Jon: Because it is software-defined.
Christina: Because software is everywhere and it is giving you the sense-making, if you will, right?
Jon: Yeah.
Christina: So, reporting back what it is, where it is, and what it's seeing.
Jon: Exactly. Exactly. It's the traffic cops. It sees where everything is going and knows where everything is. So, they...and like, we've always wanted to do microsegmentation. Now we can get to a point where we can actually implement microsegmentation if we knew what the segments were. That's the hard part.
So, we have to use software to be able to say, "Well, this environment and this environment never communicate," or "These two services communicate, and they communicate what I think is confidential data, so not only going to communicate, but we're going to make them communicate in an encrypted way.
Christina: Right.
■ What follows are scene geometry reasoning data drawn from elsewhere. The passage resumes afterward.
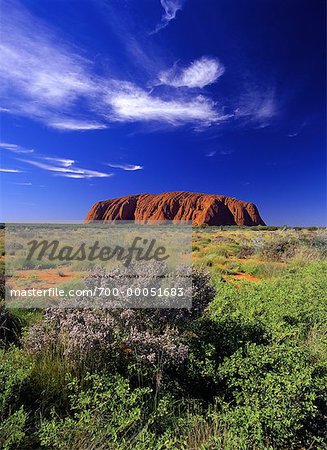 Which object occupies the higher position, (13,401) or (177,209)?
(177,209)

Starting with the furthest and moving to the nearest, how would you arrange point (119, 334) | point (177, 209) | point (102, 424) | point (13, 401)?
point (177, 209) → point (119, 334) → point (13, 401) → point (102, 424)

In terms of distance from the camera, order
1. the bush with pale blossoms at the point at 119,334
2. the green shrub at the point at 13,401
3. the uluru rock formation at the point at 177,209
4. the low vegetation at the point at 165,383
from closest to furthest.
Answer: the green shrub at the point at 13,401 < the low vegetation at the point at 165,383 < the bush with pale blossoms at the point at 119,334 < the uluru rock formation at the point at 177,209

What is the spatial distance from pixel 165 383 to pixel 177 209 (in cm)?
11674

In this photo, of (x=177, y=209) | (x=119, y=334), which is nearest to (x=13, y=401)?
(x=119, y=334)

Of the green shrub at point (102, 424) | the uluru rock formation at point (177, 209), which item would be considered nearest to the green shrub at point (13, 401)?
the green shrub at point (102, 424)

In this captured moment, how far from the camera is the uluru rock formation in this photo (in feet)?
371

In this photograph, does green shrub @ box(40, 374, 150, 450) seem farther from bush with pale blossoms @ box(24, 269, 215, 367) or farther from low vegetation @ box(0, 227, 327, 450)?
bush with pale blossoms @ box(24, 269, 215, 367)

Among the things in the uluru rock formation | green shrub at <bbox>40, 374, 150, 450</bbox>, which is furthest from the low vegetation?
the uluru rock formation

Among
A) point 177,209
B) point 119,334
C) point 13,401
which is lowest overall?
point 13,401

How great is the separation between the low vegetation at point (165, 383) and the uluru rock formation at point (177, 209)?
105m

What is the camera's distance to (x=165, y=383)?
3.71m

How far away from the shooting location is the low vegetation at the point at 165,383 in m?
2.83

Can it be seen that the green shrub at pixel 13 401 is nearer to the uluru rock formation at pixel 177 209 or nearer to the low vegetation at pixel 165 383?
the low vegetation at pixel 165 383

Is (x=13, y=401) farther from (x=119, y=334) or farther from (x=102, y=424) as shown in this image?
(x=119, y=334)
Or is it also looking at segmentation in terms of who has access to what where?
Jon: Definitely. Definitely. Definitely. But it's not just software-defined networking. It's software-defined compute. You see things like containers being used and workloads being moved all over the place and it's software-defined storage, too, where you store things and what the storage look like.
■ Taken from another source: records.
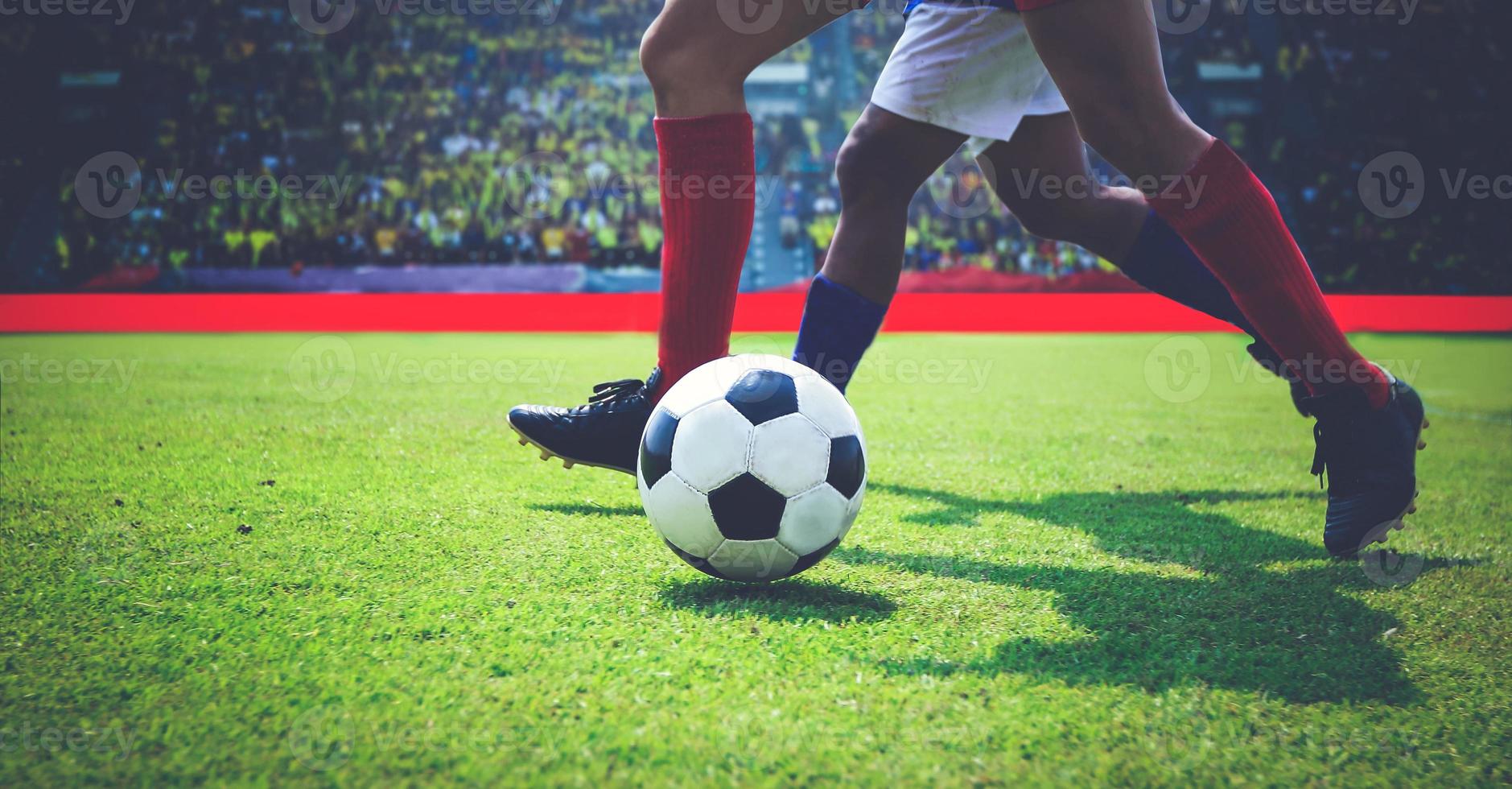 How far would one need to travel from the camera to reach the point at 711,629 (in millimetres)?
1415

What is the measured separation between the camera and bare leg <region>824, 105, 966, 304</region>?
2340 millimetres


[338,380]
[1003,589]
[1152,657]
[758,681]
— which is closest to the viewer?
[758,681]

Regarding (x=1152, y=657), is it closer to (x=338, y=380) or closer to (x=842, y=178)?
(x=842, y=178)

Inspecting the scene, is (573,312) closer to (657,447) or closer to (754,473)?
(657,447)

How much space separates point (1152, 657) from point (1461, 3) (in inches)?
797

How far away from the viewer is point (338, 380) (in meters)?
5.37

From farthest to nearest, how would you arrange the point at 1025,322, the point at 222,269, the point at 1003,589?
the point at 222,269 → the point at 1025,322 → the point at 1003,589

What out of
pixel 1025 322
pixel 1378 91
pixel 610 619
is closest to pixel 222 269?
pixel 1025 322

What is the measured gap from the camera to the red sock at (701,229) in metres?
1.93

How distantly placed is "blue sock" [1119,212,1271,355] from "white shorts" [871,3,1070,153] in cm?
46

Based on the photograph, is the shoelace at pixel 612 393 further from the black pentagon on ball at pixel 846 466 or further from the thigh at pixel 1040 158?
the thigh at pixel 1040 158

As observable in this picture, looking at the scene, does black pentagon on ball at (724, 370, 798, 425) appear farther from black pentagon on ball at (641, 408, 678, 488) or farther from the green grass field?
the green grass field

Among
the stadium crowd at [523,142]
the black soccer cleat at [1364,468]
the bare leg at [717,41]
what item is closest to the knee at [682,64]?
the bare leg at [717,41]

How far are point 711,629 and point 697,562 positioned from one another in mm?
217
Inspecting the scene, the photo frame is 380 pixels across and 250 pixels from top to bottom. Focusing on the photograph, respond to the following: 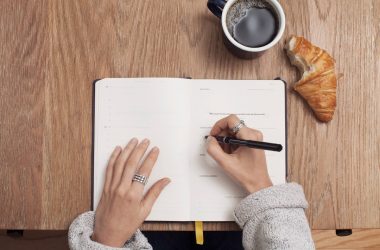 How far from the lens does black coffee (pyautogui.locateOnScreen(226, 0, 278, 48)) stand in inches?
24.2

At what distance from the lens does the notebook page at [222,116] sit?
0.67 metres

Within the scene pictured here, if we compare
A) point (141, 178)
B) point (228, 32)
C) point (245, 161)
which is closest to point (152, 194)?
point (141, 178)

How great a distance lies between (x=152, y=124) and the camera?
677 millimetres

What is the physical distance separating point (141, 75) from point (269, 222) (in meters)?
0.33

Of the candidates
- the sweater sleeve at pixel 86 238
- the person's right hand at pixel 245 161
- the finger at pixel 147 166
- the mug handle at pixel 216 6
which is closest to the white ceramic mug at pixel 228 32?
the mug handle at pixel 216 6

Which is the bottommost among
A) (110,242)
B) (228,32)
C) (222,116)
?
A: (110,242)

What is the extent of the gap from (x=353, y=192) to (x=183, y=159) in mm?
300

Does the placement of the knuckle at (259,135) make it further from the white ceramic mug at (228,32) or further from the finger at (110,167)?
the finger at (110,167)

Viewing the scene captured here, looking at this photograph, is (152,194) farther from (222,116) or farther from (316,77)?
(316,77)

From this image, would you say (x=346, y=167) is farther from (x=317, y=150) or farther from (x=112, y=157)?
(x=112, y=157)

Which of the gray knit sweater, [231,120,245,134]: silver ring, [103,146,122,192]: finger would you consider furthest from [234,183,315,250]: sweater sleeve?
[103,146,122,192]: finger

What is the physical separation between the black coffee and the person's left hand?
24cm

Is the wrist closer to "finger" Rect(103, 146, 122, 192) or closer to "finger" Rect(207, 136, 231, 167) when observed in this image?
"finger" Rect(103, 146, 122, 192)

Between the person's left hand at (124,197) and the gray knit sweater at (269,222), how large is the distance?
0.07ft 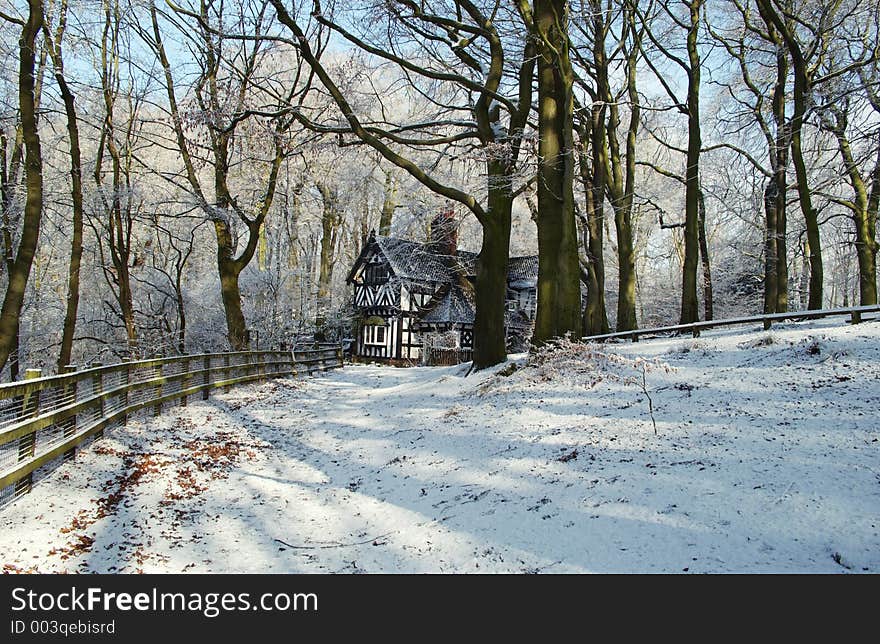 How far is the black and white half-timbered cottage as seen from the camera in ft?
107

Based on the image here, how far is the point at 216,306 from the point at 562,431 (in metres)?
28.9

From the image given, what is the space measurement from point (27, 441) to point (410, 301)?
28.3m

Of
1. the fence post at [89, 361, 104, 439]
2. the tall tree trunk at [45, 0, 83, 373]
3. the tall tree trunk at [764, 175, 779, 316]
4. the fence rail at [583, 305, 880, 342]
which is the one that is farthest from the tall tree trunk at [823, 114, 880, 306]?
the tall tree trunk at [45, 0, 83, 373]

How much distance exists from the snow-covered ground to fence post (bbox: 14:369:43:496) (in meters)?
0.15

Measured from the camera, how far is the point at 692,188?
14.8 meters

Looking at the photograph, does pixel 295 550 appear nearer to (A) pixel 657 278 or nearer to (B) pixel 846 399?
(B) pixel 846 399

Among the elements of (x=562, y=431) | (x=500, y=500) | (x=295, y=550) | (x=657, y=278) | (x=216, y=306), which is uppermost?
(x=657, y=278)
Christina: So, how far are we from that world in reality? Where are we today and where might we get to in three years, five years?
Jon: In the software-defined data center?
Christina: All of what you just described.
Jon: I think there's, in this industry, there's SOAPA or, like, a lot of orchestration going on. You guys have done amazing work around that space.
Christina: Thank you. Yeah.
Jon: And the reality is that's the first foray, as I see it, into being able to do automation. The problem is is if you look at who's using automation and what they're using it for, there's still not confidence that we're going to automate something and not break something. And so, for example, if you just look at incident response, the first step of the process is enrichment.
So, go out and collect all the information you need to assess this event or alert that you have to determine if it's really an incident. And that is very easily automated but it's also read-only and doesn't touch anything. When, then, you want to react or respond to an incident and you look at it and you go, "You know, I need to contain that machine," that's an opportunity for automation but we don't see a lot of people doing containment with automation.
Christina: They'll do detection and alerting with automation but they don't quite trust the detection yet to be able to block.
Jon: Yeah. Right. Or they just don't know. So, like, at that point, you know, if there's multiple objectives that need to be considered, like does this block actually mitigate the threat, does this block take something down or introduce an issue to the business and cause more problems. So, in that process, effectively, what needs to be done is...we talk a lot about analytics for detection.
Well, I think we'll also be talking about analytics for response. Like, things that will be multi-objective optimizers and go, "Okay. I know all the things that are important.This is the action that either piece of software is going to take." And that's the difference between software-defined and software-driven.